How will we know when we get exactly the right amount of civil litigation?

Several groups publish numbers on how much lawsuits cost Americans each year.  They also emphasize the millions that lawyers earn.  These yardsticks imply that we have too many legal actions.

Lawyer associations and consumer groups on the other hand tend to emphasize the unquantifiable value of justice and its essential role in American democracy and self-governance.

Who has it right?  Blawgletter says neither.  Let the jury decide.

Cases go to verdict so seldom any more that juries play just a tiny role in separating wheat from chaff, lawsuit-wise, and in establishing the line between arguable and frivolous.

The Vioxx cases illustrate the utility of trial by jury.  Drug maker Merck decided to try, rather than quickly settle, claims of heart damage and other injuries from taking the pain killer.  Merck won more verdicts than it lost, driving the potential cost of litigation way down and saving it many billions of dollars.
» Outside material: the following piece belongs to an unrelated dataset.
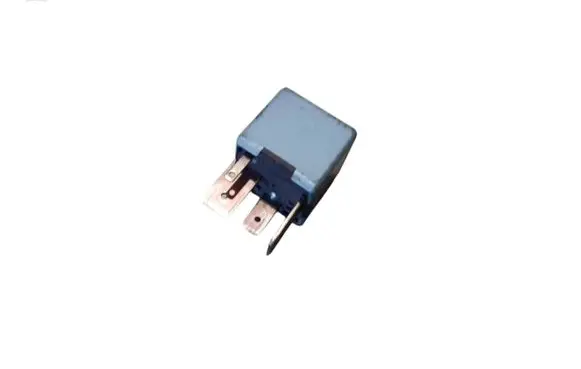 Volkswagen Golf I Other relay 171906383 710209F0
Those who doubt the effectiveness of the civil justice system do much worse than castigating rich contingent fee lawyers when they cast doubt on the intelligence, the fairness, the reliability of juries.  We think that, as in the Vioxx cases, more juror input makes sensible outcomes more likely rather than less.

Civil litigation has become nasty, brutish, and long.  Having trials will do much to reverse the trend — and maybe to reopen the court house doors to the natural supporters of civil justice, small businesses and the middle class.